While the Vikings' offense is loaded with speed and skill, the Patriots' offense lacks athleticism and looks lethargic.
During their current three-game win streak, the Patriots have scored as many touchdowns on defense and special teams (two) as they have on offense.
Mac Jones lacks play-makers that can get the ball into the end zone. In fact, New England is 31st in red-zone percentage, only coming away with touchdowns on 12 of 28 trips inside the opponent’s 20-yard line (42.9 percent).
So what happened with rookie wide receiver Tyquan Thornton? He was supposed to bring Tyreek Hill type speed to the Patriots' offense, right?
Thornton, selected in the second round last April, began the season on injured reserve with a broken clavicle but has since returned to log significant playing time. After making his NFL debut in Week 5, Thornton has been on the field for 71 percent of the offense’s snaps.
The first touchdown of the Baylor product’s NFL career came in Week 6 with against the Cleveland Browns with him lined up in the slot opposite cornerback Greedy Williams. Thornton stuttered left, released right, and slanted across the middle catching a pass from Bailey Zappe along the back end line.
Later in that same game, Thornton scored again, showing off his blazing 4.28 speed on a 19-yard jet sweep. At the time everyone thought it was his coming out party. However, outside of that two-touchdown game, Thornton’s production hasn’t popped.
Still, Jones recognizes the potential in his rookie wideout. He was asked to describe his on-field chemistry and timelines were messed up with injuries.
"It's great to have him out there," Jones said. "I watched his college film and there's a lot of things on there that I really liked and they're obviously translating to the NFL."
Over the Patriots’ last three games, he’s caught just three passes on 11 targets for 37 yards.
Granted it’s difficult to evaluate his performance because of the team’s overall offensive struggles, but the coaching staff should commit themselves to putting the ball in Thornton's hands.
There are plenty of ways to get Thornton the ball, whether using him out of the slot in more of a Julian Edelman role, on downfield vertical routes, or on designed runs to allow Thornton to pick up big chunks of yards with his legs.

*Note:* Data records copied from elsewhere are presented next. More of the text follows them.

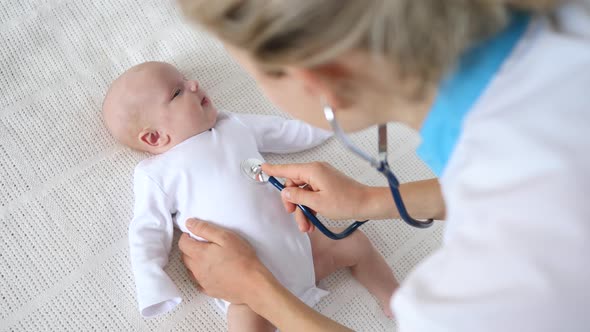 Doctor With Newborn. Physical Examination. Doctor Home Visits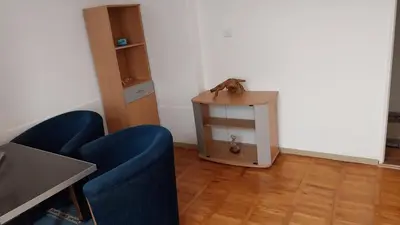 a living room with two blue chairs and a table at Apartman EmEm in Kuršumlija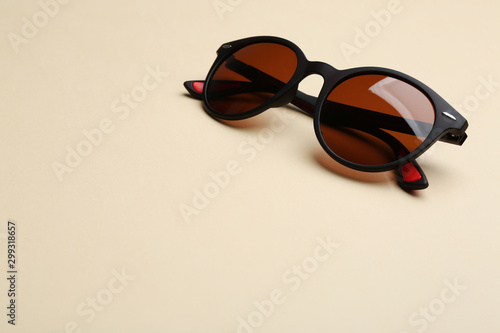 Stylish sunglasses on beige background, space for text. Fashionable accessory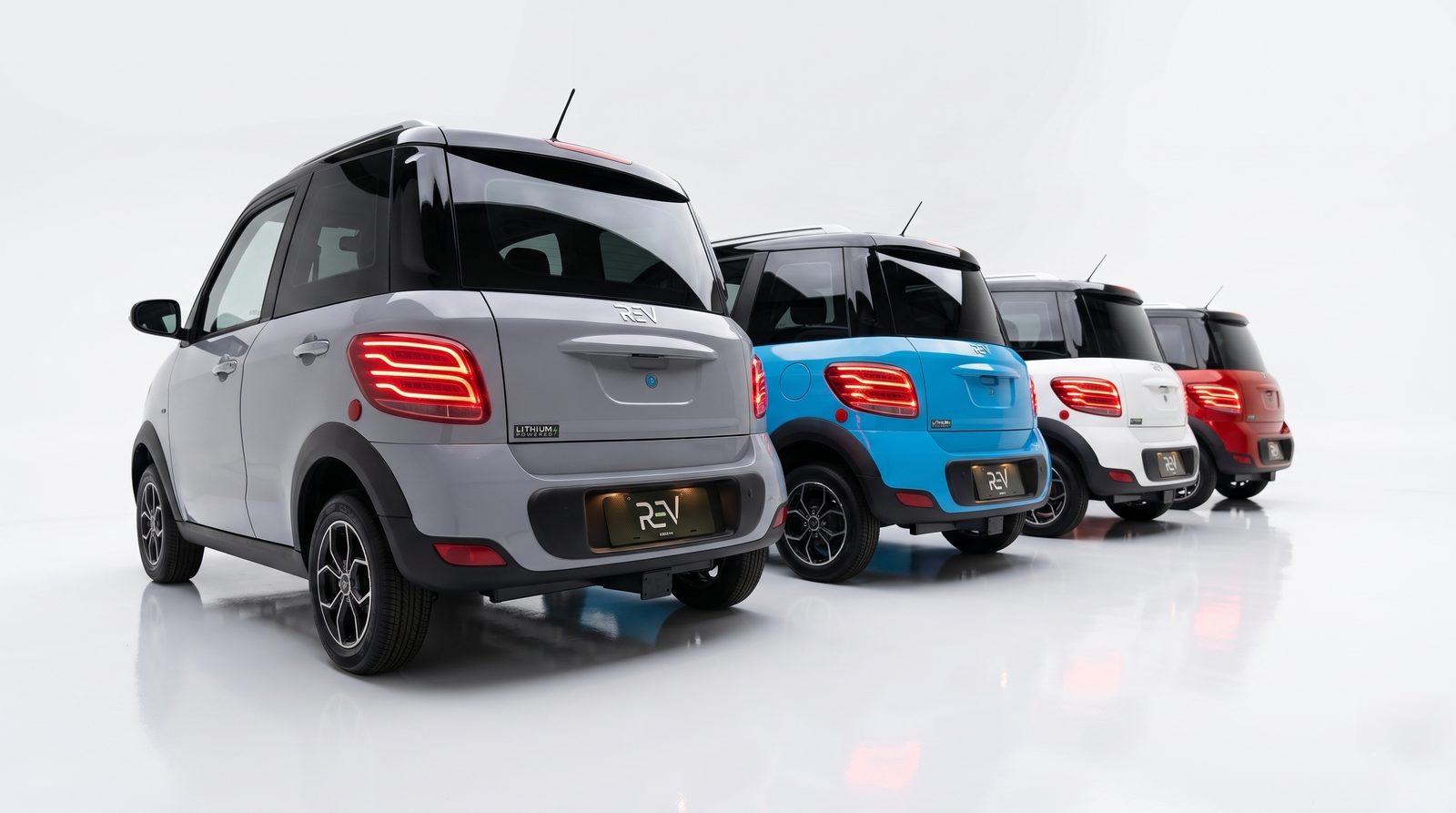 REV M2 rear view shown in slate gray, aqua blue, polar white, and passion red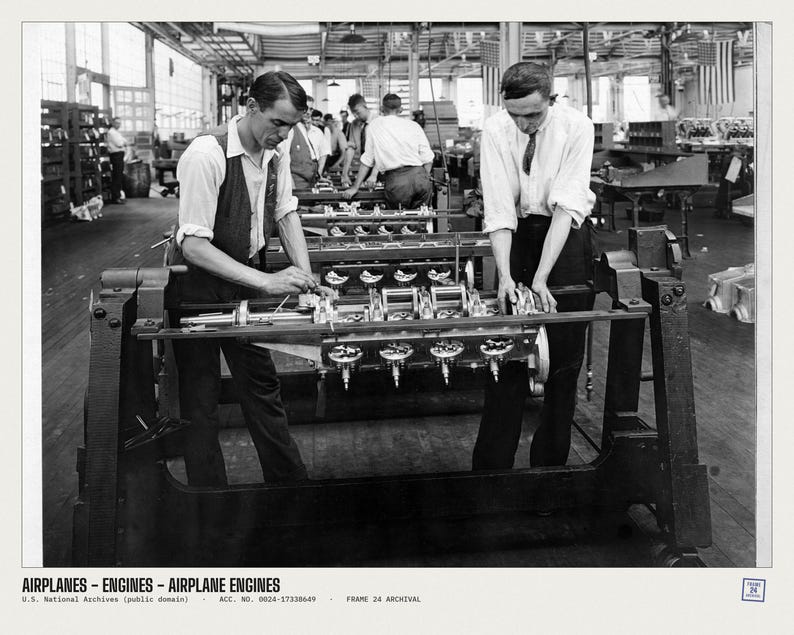 May include: A black and white archival photograph showing two individuals in a factory setting working on an airplane engine mounted on a metal frame. The text at the bottom reads: AIRPLANES - ENGINES - AIRPLANE ENGINES U.S. National Archives.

"Everyone obviously knows he's fast but he does other things really well too," Jones said. "He definitely plays really well and knows where to line up. He's done a great job and I'm excited to play with him and we're going to continue to grow together."
Thus far, New England's production from its wide receivers has been average, at best. Jakobi Meyers remains the most consistent receiver with his team-leading 44 catches for 509 yards and three touchdowns. In nine games each, Nelson Agholor and DeVante Parker have 17 catches each, clearly not living up to expectations. Kendrick Bourne has been used sparingly, as he's been in and out of Bill Belichick's doghouse.
There is still plenty of time for Thornton to help rejuvenate the inept passing attack and lay the groundwork for the future.